Short web captions
━━━━━━━━━━━━━━━━━━━━━━━━━━━━━━

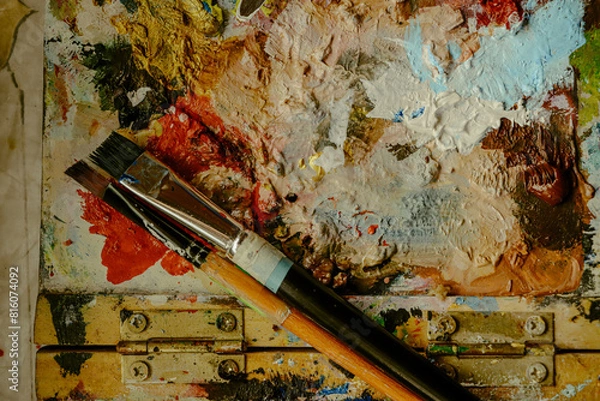 Fototapeta Used brushes on an artist's palette of colorful oil paint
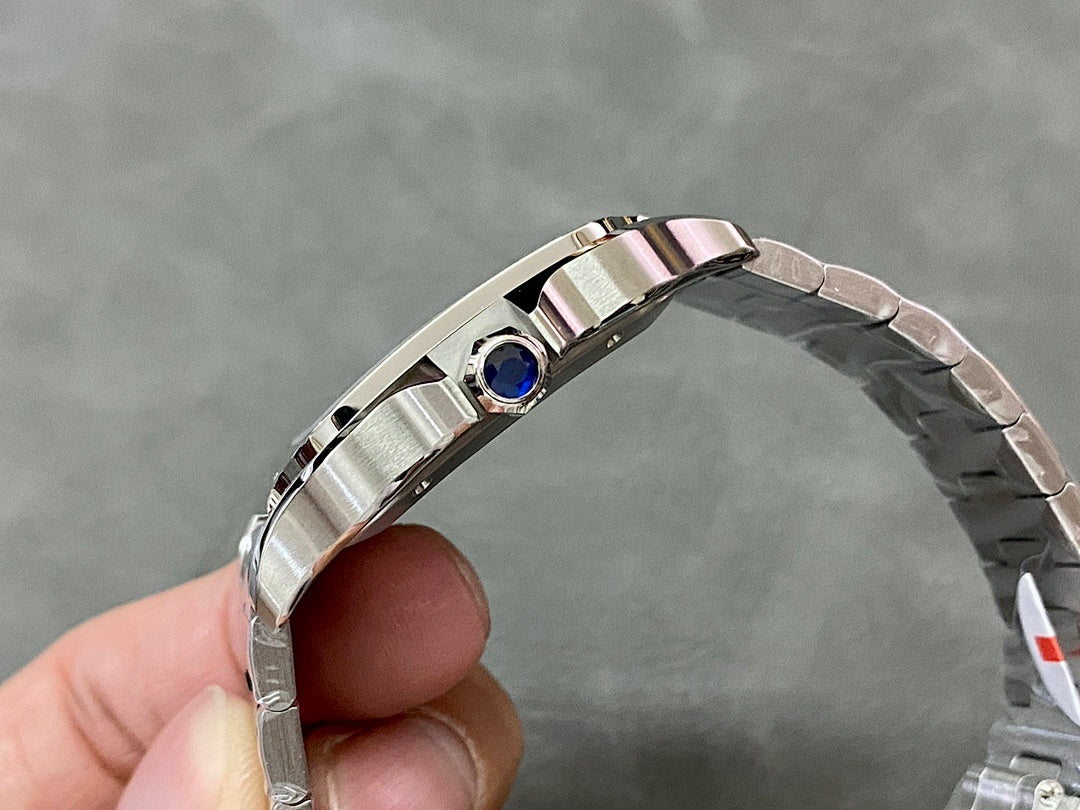 Cartier watch top view showing blue gemstone set in stainless steel bezel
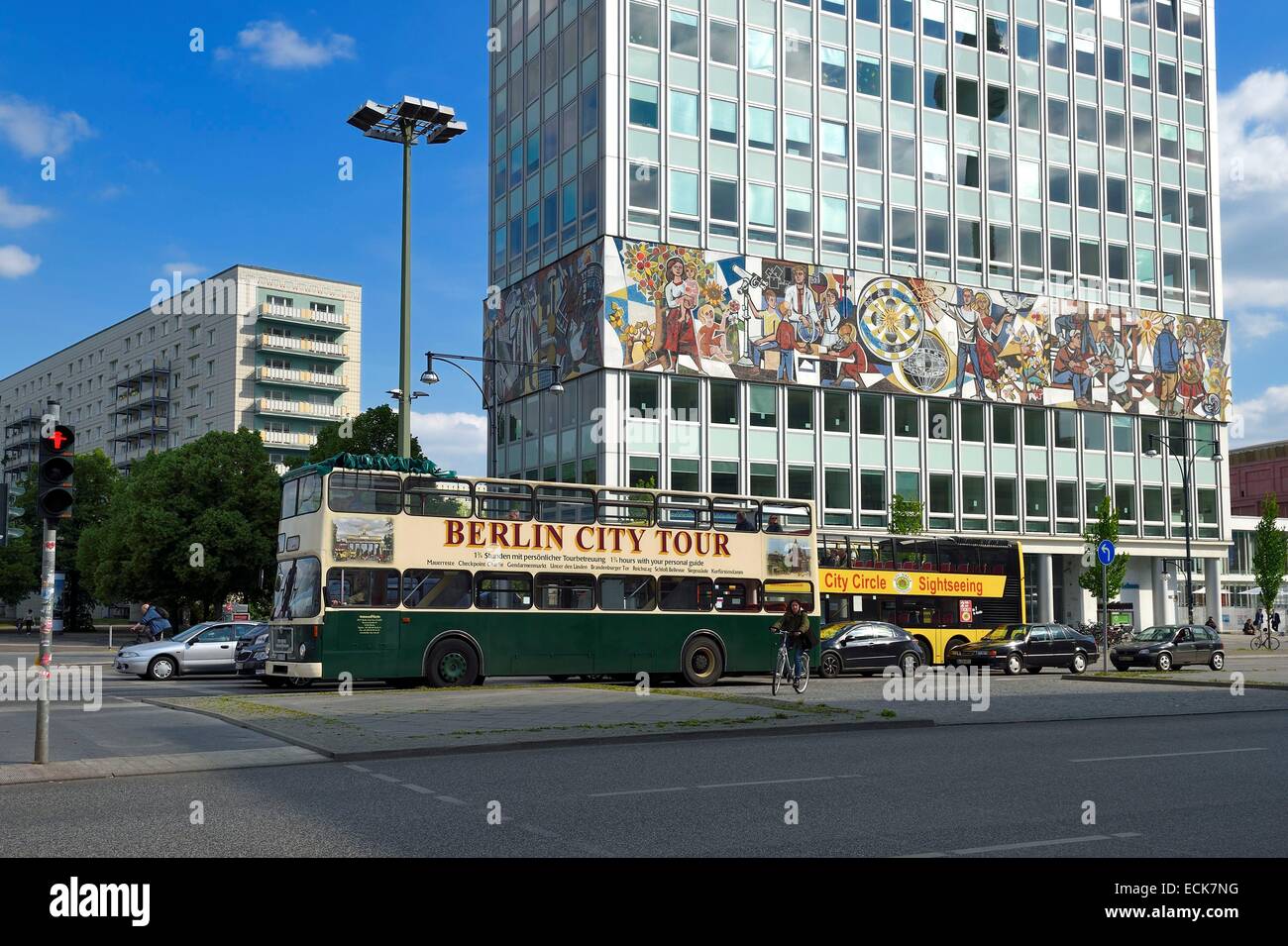 Germany, Berlin, Karl-Marx Allee, Haus des Lehrers (House of the teachers), the mural wrapping around the entire building designed in the style of Mexican mural art by artist Walter Womacka is titled Unser Leben (Our Life) and depicts various occupational Stock Photo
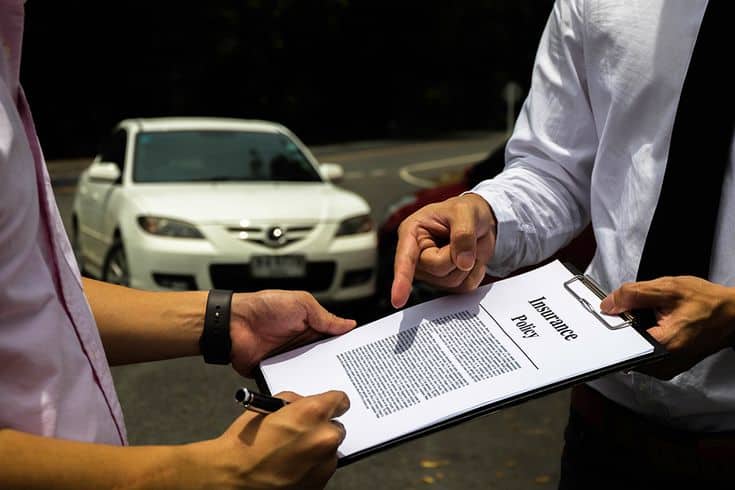 Two people discuss an insurance policy with a white car in the background, highlighting accident coverage and claims negotiation.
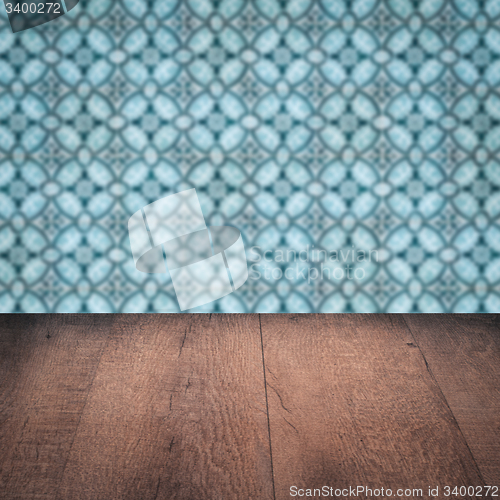 Image of Wood table top and blur vintage ceramic tile pattern wall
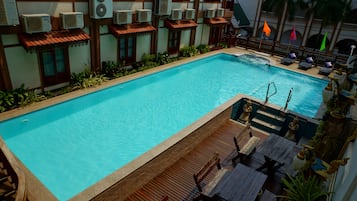 Una piscina al aire libre, sillones reclinables de piscina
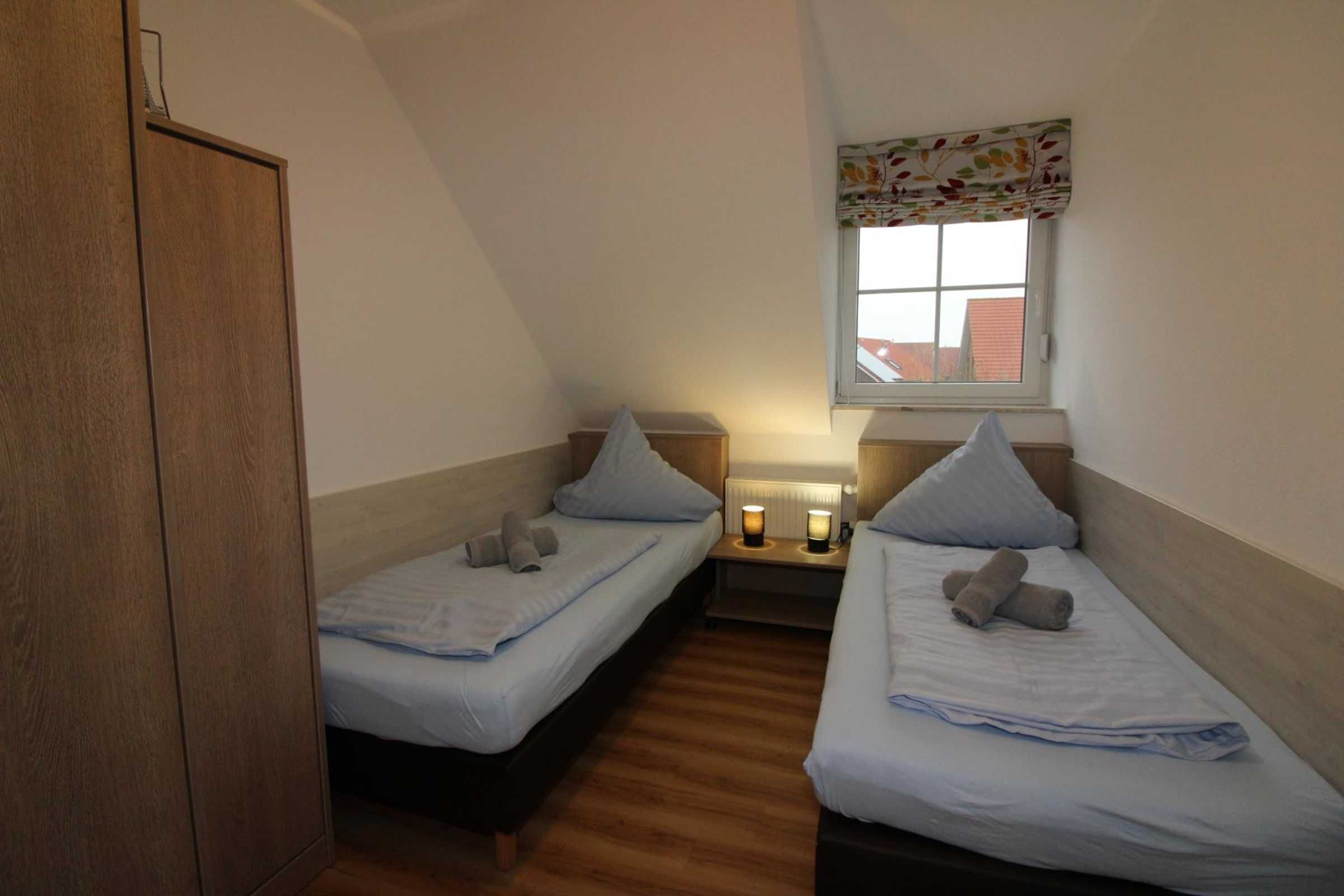 Una habitación pequeña y acogedora con dos camas individuales, suelo de madera, una ventana con un adornado floral y una mesita de noche con lámpara.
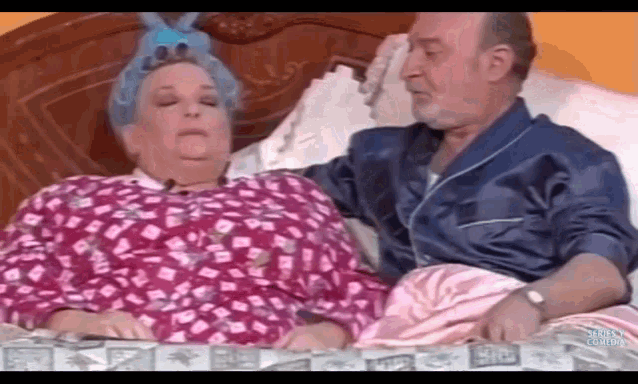 a man and a woman are laying on a bed and the woman has a blue bunny on her head
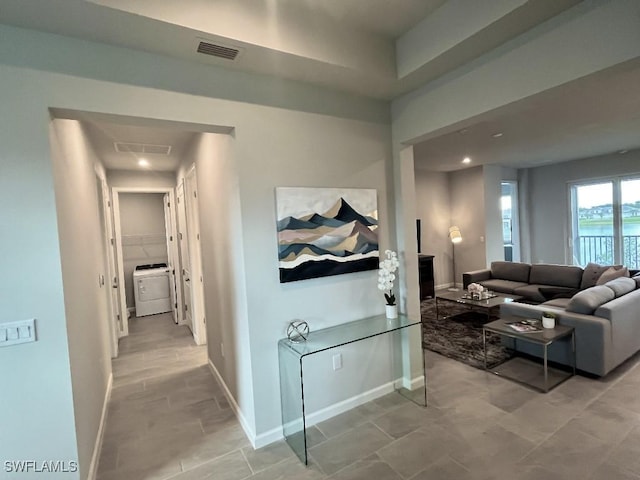 hallway with washer / dryer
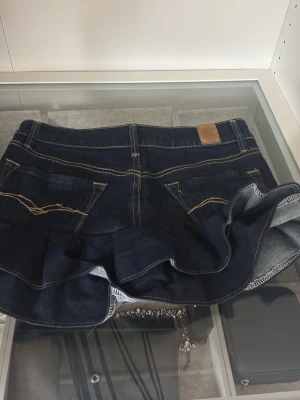Mörkblå jeanskjol med volang(waist=25) - Säljer en mörkblå jeanskjol från Levi's med volang nedtill och klassiska fickor både fram och bak. Kjolen har kontrastsömmar och en snygg, kort passform som ger en cool och ungdomlig look. Perfekt för dig som gillar denim och vill sticka ut.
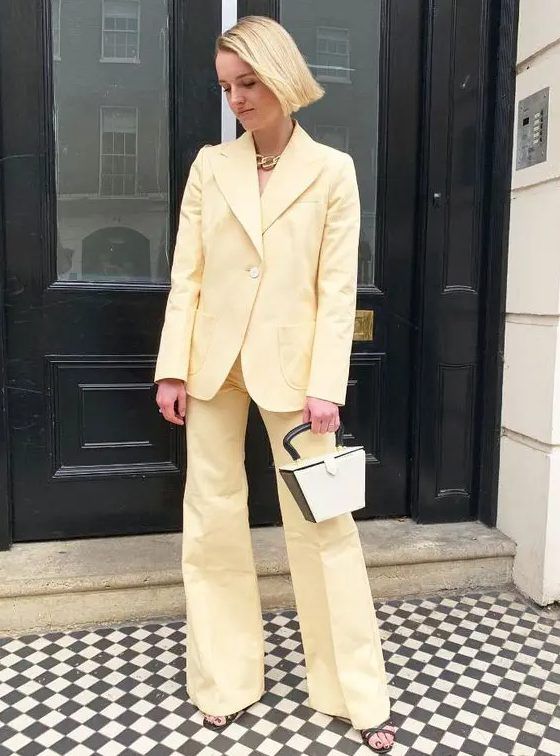 Light yellow pantsuit with flare pants, no top underneath, two-tone bag, strappy shoes, and a chunky chain necklace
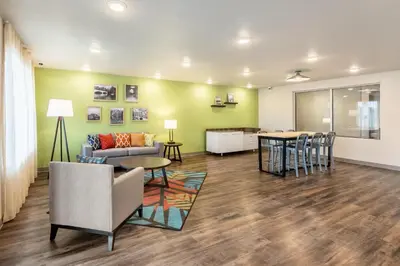 a living room with a couch and a table at WoodSpring Suites South Brunswick - Princeton in Monmouth Junction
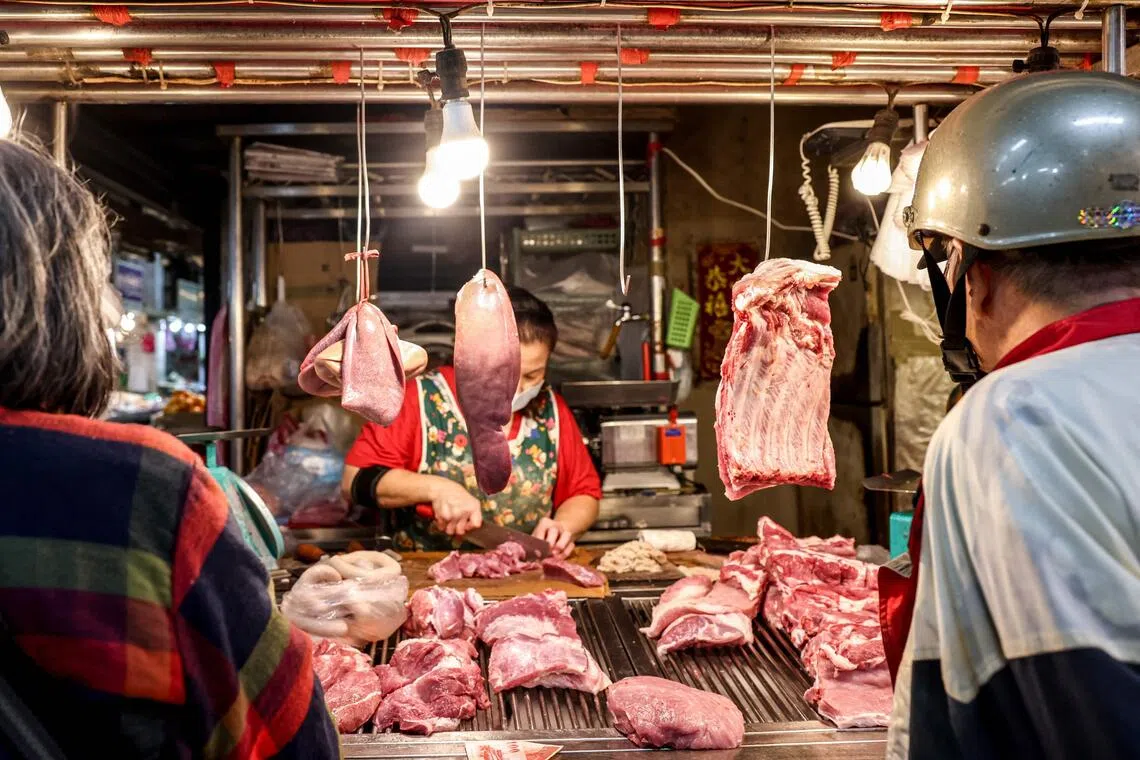 A vendor cuts meat at a pork stall at a local traditional market in Keelung on October 23, 2025. Taiwan has culled dozens of pigs after detecting its first cases of African swine fever, with the agriculture ministry saying on October 23 no other infections have been detected elsewhere on the island.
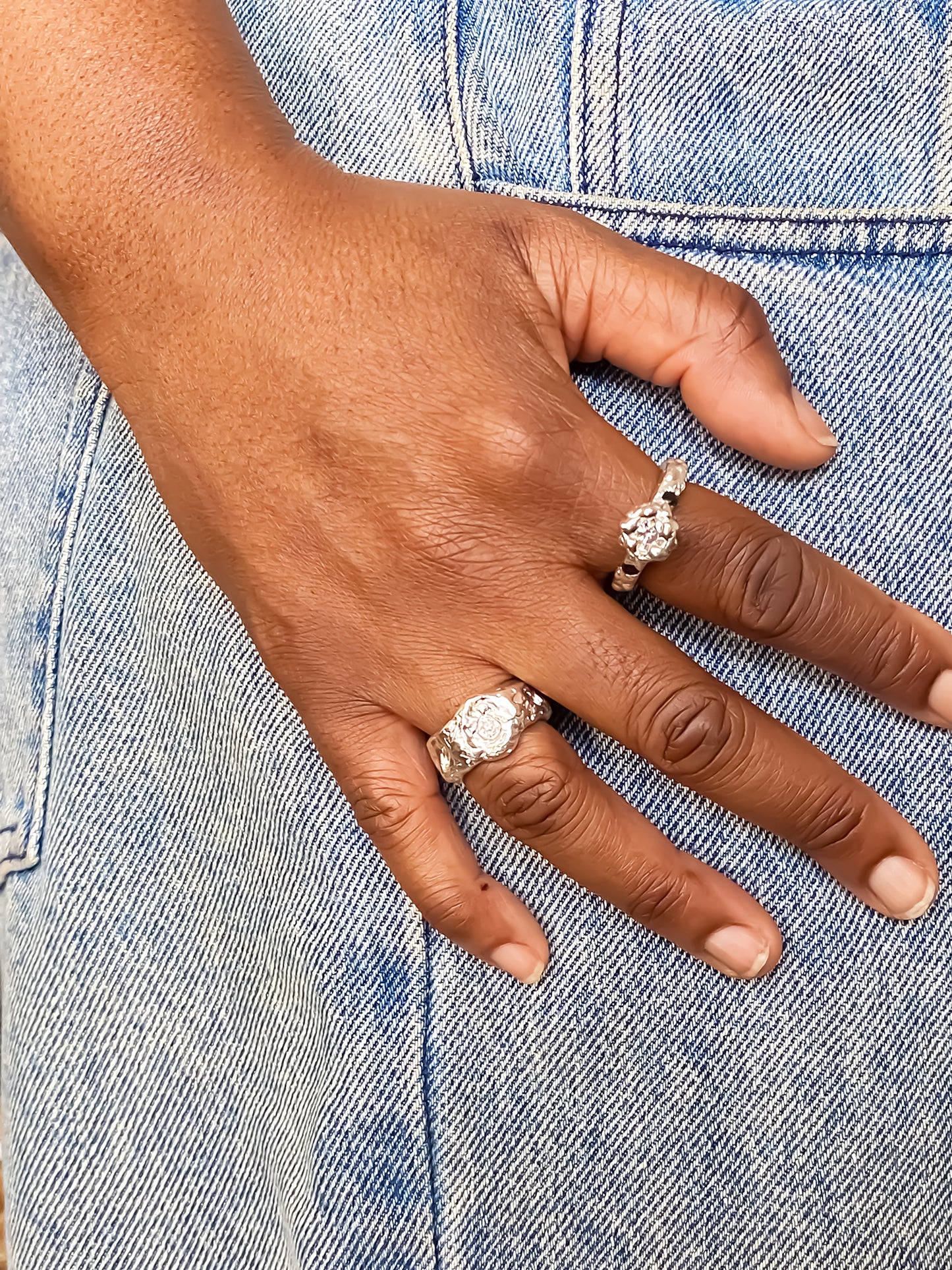 Blue background hand modelled with Eclipse Cutout Ring - textured band white and black gemstones gold or silver free shipping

━━━━━━━━━━━━━━━━━━━━━━━━━━━━━━

§ **Task requirements**
When you set down the records above, copy every line exactly and exclude the pictures.

§ **Answer for the task**
 Fototapeta Used brushes on an artist's palette of colorful oil paint
 Cartier watch top view showing blue gemstone set in stainless steel bezel
 Germany, Berlin, Karl-Marx Allee, Haus des Lehrers (House of the teachers), the mural wrapping around the entire building designed in the style of Mexican mural art by artist Walter Womacka is titled Unser Leben (Our Life) and depicts various occupational Stock Photo
 Two people discuss an insurance policy with a white car in the background, highlighting accident coverage and claims negotiation.
 Image of Wood table top and blur vintage ceramic tile pattern wall
 Una piscina al aire libre, sillones reclinables de piscina
 Una habitación pequeña y acogedora con dos camas individuales, suelo de madera, una ventana con un adornado floral y una mesita de noche con lámpara.
 a man and a woman are laying on a bed and the woman has a blue bunny on her head
 hallway with washer / dryer
Mörkblå jeanskjol med volang(waist=25) - Säljer en mörkblå jeanskjol från Levi's med volang nedtill och klassiska fickor både fram och bak. Kjolen har kontrastsömmar och en snygg, kort passform som ger en cool och ungdomlig look. Perfekt för dig som gillar denim och vill sticka ut.
 Light yellow pantsuit with flare pants, no top underneath, two-tone bag, strappy shoes, and a chunky chain necklace
 a living room with a couch and a table at WoodSpring Suites South Brunswick - Princeton in Monmouth Junction
 A vendor cuts meat at a pork stall at a local traditional market in Keelung on October 23, 2025. Taiwan has culled dozens of pigs after detecting its first cases of African swine fever, with the agriculture ministry saying on October 23 no other infections have been detected elsewhere on the island.
 Blue background hand modelled with Eclipse Cutout Ring - textured band white and black gemstones gold or silver free shipping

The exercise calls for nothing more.